Dataset entries:
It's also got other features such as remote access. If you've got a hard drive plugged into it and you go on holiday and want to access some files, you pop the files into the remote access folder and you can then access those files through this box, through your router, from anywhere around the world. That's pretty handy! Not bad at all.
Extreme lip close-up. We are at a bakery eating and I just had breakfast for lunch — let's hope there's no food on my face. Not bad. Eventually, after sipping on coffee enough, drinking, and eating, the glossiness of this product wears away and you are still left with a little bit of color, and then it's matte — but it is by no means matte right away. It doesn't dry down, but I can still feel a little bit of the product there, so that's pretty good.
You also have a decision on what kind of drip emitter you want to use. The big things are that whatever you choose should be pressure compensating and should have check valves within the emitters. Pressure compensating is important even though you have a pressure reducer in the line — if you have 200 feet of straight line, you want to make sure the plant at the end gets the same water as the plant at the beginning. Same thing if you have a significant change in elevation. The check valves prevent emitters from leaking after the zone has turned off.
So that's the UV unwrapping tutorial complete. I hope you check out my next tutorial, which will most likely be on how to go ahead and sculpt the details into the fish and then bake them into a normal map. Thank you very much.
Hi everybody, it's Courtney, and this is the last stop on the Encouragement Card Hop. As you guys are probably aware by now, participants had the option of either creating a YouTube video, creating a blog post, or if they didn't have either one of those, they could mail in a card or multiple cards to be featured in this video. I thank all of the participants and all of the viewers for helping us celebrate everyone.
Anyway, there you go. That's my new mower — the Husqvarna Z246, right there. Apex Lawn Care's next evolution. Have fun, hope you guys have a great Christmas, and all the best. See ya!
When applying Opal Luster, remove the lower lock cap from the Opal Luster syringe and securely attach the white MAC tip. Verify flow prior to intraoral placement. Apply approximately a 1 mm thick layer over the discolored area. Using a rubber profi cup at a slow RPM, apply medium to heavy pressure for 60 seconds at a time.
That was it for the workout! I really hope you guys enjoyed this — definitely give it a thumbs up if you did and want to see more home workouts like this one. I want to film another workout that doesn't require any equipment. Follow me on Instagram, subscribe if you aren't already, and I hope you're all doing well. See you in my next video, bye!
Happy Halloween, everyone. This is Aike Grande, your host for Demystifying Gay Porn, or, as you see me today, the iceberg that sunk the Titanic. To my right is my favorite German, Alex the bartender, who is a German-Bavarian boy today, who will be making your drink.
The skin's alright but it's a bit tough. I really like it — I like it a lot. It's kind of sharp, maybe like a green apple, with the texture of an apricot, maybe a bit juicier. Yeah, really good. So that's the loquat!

[Task description]
Reproduce exactly the entries above, limited to the lines from the one with "That was it" through the one with "Happy Halloween, everyone.", both included.

[Worked solution]
That was it for the workout! I really hope you guys enjoyed this — definitely give it a thumbs up if you did and want to see more home workouts like this one. I want to film another workout that doesn't require any equipment. Follow me on Instagram, subscribe if you aren't already, and I hope you're all doing well. See you in my next video, bye!
Happy Halloween, everyone. This is Aike Grande, your host for Demystifying Gay Porn, or, as you see me today, the iceberg that sunk the Titanic. To my right is my favorite German, Alex the bartender, who is a German-Bavarian boy today, who will be making your drink.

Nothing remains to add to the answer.